- **Try it**: Each line in the listing below that includes "Heredity" should be counted; give the total and nothing more.

(Beginning of Exercise data)

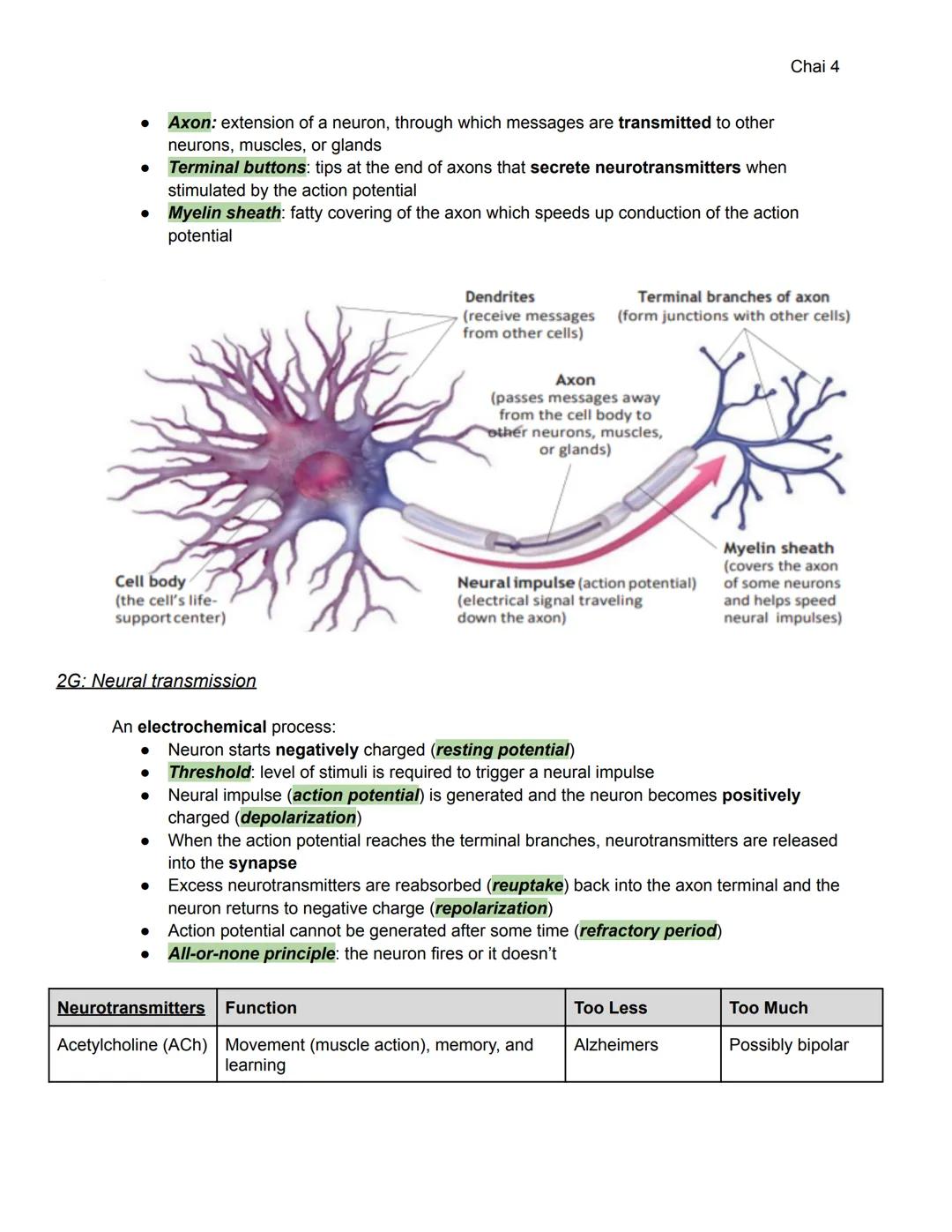Chai 1

Unit 2: Biological Bases of Behavior (8-10%)

2A-C: Heredity, Environment, Evolution

*   **Heredity**: genetically transmitted or t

(End of Exercise data)

- **Solved problem**: 2